What to work on: Repeat only the lines below that run from the line with "Hi guys, my" to the line with "Before solving the", ends included; skip every picture.

Task input:
══════════════════════════════
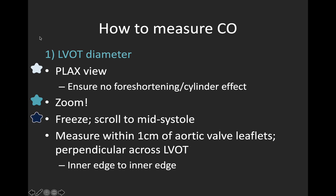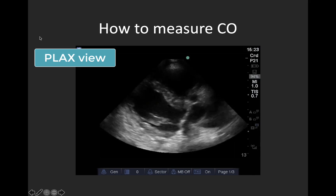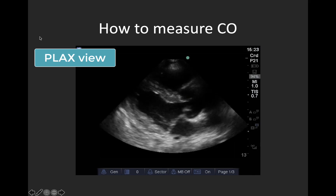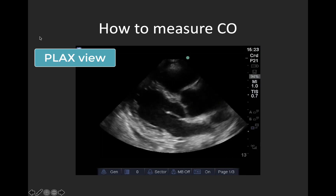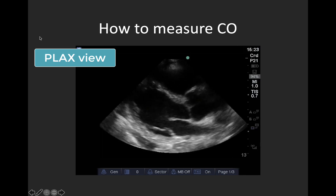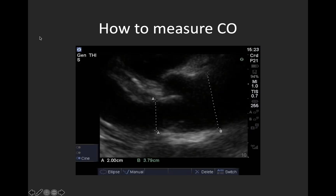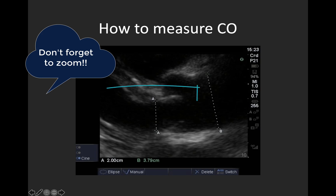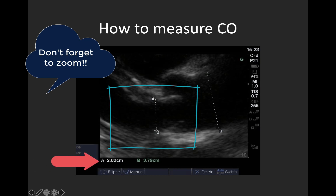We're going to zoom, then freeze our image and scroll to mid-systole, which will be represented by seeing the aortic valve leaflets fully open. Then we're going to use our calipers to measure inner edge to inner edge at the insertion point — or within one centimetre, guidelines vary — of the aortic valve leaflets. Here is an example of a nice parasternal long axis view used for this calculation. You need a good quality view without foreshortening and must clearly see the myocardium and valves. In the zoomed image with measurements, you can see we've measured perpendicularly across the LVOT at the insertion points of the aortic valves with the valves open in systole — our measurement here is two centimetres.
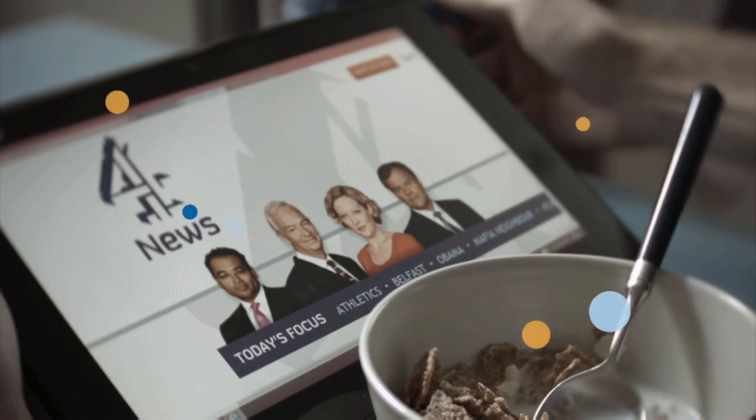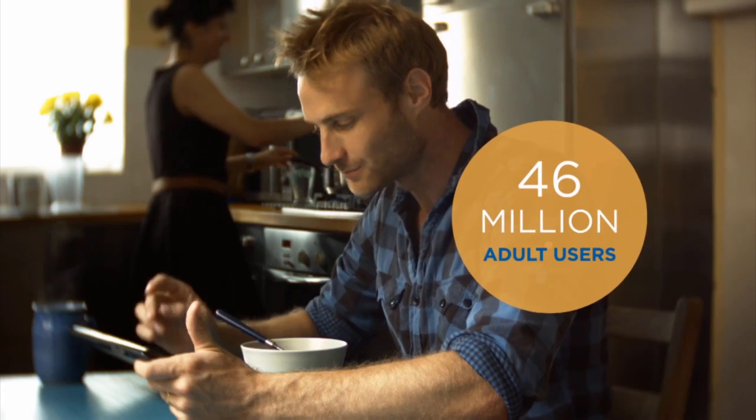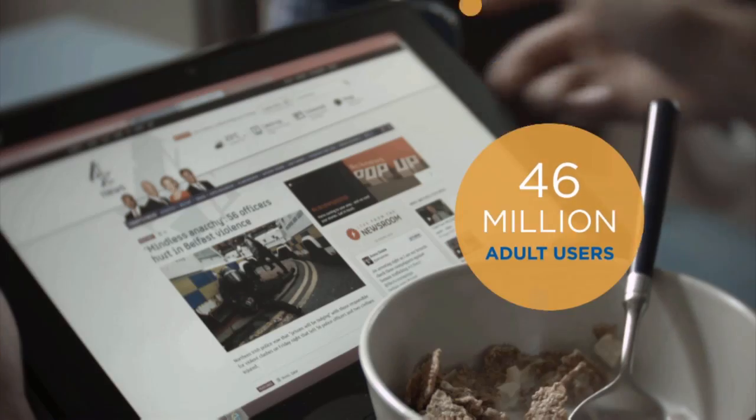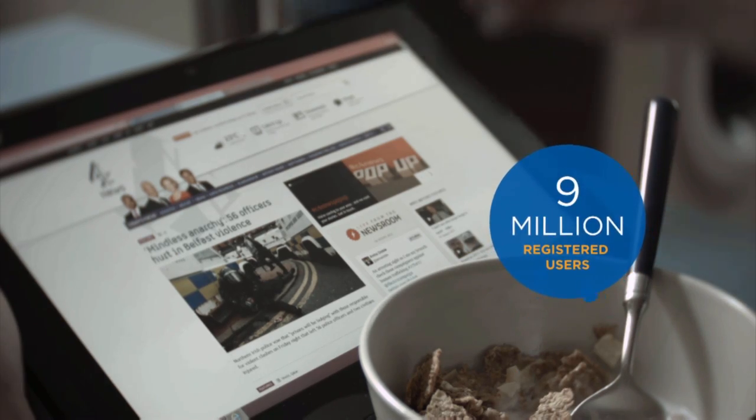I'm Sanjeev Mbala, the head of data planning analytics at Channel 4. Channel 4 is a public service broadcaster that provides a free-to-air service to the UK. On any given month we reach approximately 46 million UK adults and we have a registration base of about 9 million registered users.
══════════════════════════════
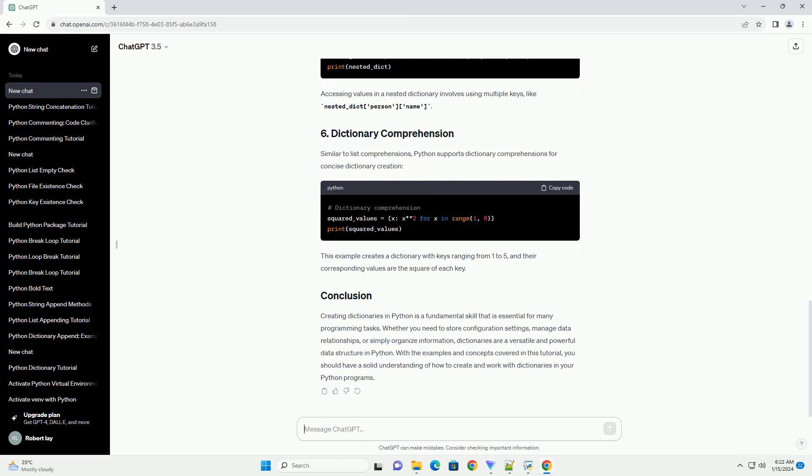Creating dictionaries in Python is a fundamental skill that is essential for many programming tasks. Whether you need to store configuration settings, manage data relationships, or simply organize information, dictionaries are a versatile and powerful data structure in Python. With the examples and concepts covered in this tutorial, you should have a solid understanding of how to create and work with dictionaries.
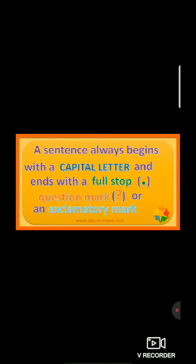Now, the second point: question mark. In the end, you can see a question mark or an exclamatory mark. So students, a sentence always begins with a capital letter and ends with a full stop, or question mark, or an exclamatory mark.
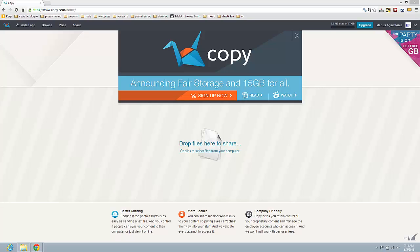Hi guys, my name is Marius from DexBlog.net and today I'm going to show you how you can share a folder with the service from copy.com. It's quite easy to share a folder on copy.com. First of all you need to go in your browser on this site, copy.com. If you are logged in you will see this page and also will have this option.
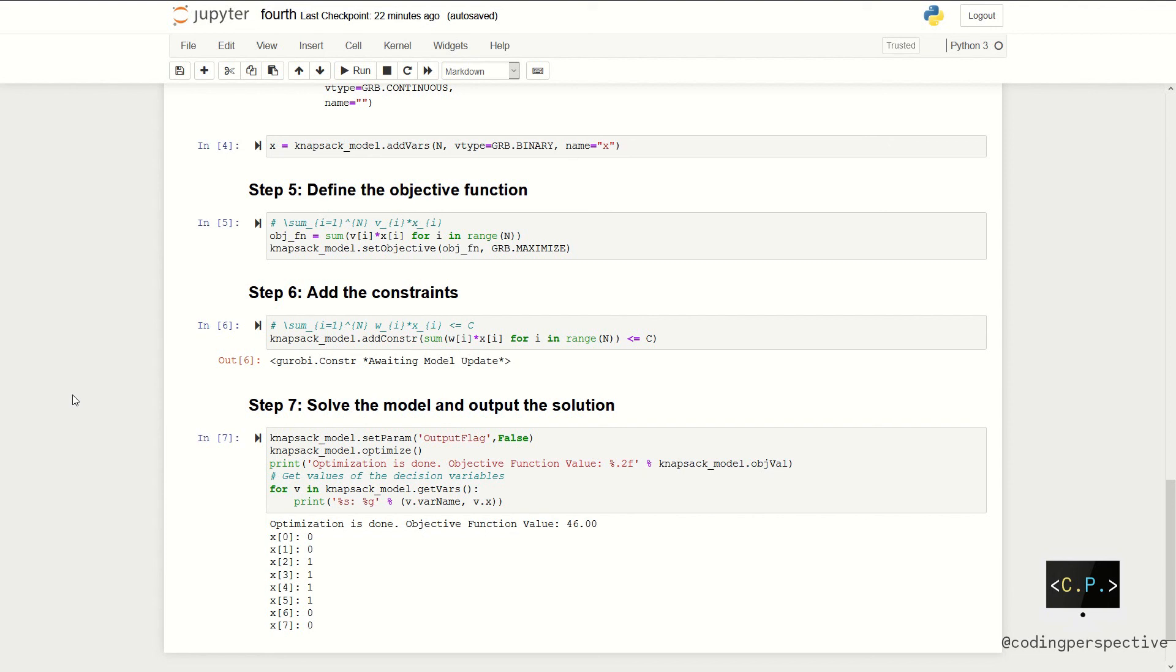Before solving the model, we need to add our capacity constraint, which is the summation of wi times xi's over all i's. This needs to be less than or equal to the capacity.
══════════════════════════════
Exercise answer:
Hi guys, my name is Marius from DexBlog.net and today I'm going to show you how you can share a folder with the service from copy.com. It's quite easy to share a folder on copy.com. First of all you need to go in your browser on this site, copy.com. If you are logged in you will see this page and also will have this option.
Before solving the model, we need to add our capacity constraint, which is the summation of wi times xi's over all i's. This needs to be less than or equal to the capacity.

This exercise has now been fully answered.